*Task*: With the pictures left out, set down the line containing "Acropolis Cave Suites" and each line after it to the end of the material, exactly as written.

*Information shown*:
* * *
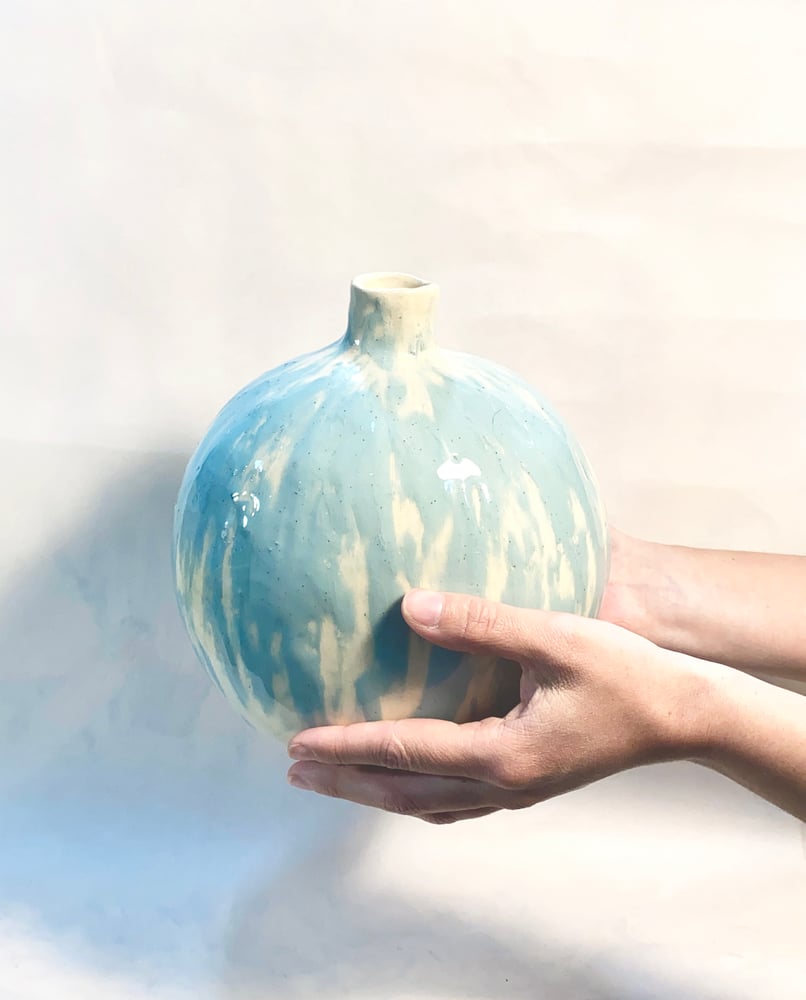 Image of Blue Ballon jar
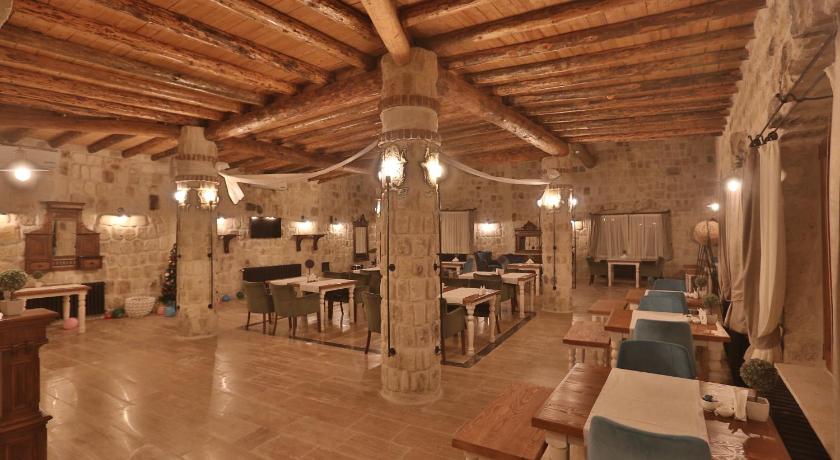 Acropolis Cave Suites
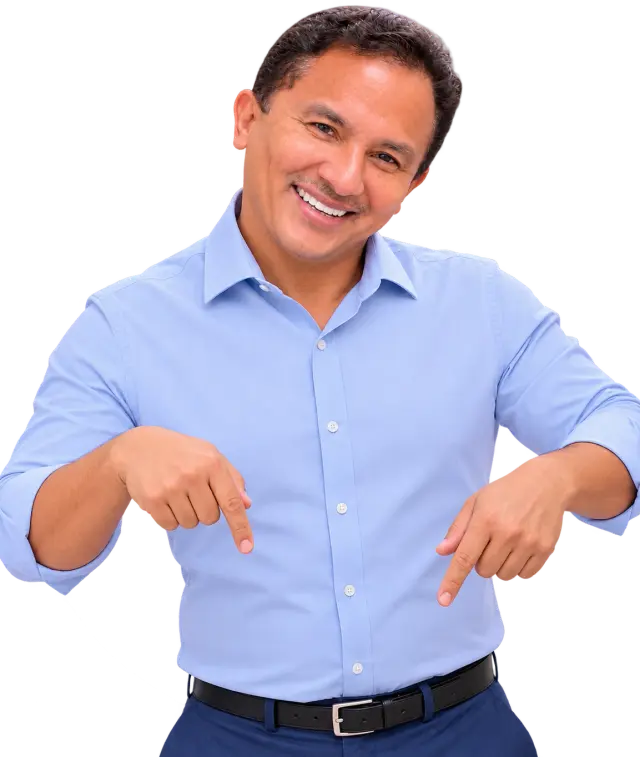 Homem sorrindo e apontando para a oferta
* * *
*Reply*:
 Acropolis Cave Suites
 Homem sorrindo e apontando para a oferta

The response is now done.